*WHAT IS EXPECTED*. Take the entries below and print only the lines from the one with "Pequeño Arete de" through the one with "Водолазные работы продолжаются.", exactly as they stand, both ends included.

*Stored entries*.
★ ★ ★ ★ ★ ★ ★

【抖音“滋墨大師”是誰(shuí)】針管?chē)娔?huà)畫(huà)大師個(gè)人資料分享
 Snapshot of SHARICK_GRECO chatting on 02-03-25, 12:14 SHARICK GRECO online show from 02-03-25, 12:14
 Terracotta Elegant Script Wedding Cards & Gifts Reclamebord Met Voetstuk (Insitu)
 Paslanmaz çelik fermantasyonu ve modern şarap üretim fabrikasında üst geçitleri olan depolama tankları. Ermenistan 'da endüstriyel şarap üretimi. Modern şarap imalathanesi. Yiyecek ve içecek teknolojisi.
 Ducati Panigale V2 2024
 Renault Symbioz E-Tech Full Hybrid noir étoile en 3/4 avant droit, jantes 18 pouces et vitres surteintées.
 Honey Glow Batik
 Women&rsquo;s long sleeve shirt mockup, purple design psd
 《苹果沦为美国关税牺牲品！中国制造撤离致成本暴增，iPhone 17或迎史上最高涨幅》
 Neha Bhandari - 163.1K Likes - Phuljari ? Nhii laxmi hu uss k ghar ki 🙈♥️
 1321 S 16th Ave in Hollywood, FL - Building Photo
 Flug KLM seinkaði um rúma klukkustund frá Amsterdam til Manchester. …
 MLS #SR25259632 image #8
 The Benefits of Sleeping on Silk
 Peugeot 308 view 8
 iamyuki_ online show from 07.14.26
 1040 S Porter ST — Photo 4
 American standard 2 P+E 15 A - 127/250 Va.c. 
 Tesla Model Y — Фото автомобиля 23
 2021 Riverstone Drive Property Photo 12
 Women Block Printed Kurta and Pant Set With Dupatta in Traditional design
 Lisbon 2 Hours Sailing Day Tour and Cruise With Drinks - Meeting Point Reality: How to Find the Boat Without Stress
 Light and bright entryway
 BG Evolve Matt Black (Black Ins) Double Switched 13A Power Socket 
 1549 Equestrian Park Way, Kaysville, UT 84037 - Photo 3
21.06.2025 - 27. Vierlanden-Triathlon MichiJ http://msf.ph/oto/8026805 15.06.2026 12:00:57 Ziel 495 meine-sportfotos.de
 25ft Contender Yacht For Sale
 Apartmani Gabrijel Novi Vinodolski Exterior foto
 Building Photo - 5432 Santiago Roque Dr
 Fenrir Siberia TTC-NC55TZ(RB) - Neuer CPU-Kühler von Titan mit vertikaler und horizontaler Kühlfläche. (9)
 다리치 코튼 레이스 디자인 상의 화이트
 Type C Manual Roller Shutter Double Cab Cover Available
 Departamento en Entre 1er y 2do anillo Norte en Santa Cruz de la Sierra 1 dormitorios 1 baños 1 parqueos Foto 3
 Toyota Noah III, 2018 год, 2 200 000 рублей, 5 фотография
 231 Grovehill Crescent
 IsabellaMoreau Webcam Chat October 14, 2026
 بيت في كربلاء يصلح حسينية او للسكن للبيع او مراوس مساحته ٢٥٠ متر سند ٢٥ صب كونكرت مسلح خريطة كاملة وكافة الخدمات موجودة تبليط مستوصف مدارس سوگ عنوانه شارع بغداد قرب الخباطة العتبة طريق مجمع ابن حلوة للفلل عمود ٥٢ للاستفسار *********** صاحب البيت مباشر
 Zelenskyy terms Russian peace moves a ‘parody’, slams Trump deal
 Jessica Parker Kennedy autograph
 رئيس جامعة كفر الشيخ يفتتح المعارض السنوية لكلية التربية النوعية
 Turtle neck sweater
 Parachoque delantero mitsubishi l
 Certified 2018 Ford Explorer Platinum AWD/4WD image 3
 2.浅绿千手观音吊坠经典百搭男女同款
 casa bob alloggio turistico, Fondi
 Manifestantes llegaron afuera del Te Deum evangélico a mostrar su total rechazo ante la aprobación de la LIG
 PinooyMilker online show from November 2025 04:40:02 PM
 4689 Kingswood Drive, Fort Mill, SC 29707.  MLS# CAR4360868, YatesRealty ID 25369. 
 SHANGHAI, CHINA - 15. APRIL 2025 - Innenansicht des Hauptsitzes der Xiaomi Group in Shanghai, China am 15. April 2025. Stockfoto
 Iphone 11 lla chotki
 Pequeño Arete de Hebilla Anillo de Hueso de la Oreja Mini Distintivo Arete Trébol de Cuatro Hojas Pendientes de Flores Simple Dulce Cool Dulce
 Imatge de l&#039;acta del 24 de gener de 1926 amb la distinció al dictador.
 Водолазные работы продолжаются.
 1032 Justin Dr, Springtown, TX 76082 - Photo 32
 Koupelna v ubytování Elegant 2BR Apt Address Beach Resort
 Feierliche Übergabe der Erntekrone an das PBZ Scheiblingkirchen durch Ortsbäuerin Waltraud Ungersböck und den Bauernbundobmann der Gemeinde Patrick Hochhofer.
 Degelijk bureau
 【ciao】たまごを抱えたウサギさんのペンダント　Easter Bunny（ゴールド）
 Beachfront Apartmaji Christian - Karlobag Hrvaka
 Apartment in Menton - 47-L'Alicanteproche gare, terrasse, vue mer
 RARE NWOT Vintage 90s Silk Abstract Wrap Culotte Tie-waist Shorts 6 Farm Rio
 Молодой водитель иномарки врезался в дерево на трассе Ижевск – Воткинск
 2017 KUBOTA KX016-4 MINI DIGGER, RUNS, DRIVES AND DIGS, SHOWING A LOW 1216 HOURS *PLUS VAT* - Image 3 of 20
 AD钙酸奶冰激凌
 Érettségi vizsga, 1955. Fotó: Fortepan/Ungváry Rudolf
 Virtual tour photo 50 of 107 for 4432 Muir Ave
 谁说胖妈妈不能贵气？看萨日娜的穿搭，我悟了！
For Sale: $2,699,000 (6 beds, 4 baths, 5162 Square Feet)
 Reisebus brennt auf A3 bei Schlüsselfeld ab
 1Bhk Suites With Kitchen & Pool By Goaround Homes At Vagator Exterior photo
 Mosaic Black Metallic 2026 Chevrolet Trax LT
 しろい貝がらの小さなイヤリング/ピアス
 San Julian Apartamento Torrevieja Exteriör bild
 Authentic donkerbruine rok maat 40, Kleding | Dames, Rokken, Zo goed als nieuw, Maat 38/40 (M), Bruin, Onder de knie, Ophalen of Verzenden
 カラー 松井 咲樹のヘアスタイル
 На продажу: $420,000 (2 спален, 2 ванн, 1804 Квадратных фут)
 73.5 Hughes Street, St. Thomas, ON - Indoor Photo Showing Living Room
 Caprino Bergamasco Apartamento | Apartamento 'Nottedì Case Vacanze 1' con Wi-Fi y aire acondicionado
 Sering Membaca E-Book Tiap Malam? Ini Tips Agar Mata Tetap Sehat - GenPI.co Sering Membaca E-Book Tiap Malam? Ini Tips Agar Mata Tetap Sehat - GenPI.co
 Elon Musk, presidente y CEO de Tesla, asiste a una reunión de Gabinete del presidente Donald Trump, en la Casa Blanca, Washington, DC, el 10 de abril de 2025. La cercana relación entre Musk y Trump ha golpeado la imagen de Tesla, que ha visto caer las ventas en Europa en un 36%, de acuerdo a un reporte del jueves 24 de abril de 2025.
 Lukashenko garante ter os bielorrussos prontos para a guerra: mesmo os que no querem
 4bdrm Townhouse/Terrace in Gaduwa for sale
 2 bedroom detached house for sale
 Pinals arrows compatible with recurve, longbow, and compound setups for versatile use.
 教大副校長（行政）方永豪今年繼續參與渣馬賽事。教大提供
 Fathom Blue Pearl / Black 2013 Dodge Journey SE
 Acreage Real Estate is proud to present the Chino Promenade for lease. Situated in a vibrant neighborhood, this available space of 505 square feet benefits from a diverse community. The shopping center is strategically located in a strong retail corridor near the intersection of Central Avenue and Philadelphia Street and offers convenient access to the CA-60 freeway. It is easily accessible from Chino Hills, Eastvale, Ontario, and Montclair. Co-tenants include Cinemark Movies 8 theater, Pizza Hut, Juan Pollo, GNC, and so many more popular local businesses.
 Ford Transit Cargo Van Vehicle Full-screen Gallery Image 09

★ ★ ★ ★ ★ ★ ★

*TASK RESPONSE*.
 Pequeño Arete de Hebilla Anillo de Hueso de la Oreja Mini Distintivo Arete Trébol de Cuatro Hojas Pendientes de Flores Simple Dulce Cool Dulce
 Imatge de l&#039;acta del 24 de gener de 1926 amb la distinció al dictador.
 Водолазные работы продолжаются.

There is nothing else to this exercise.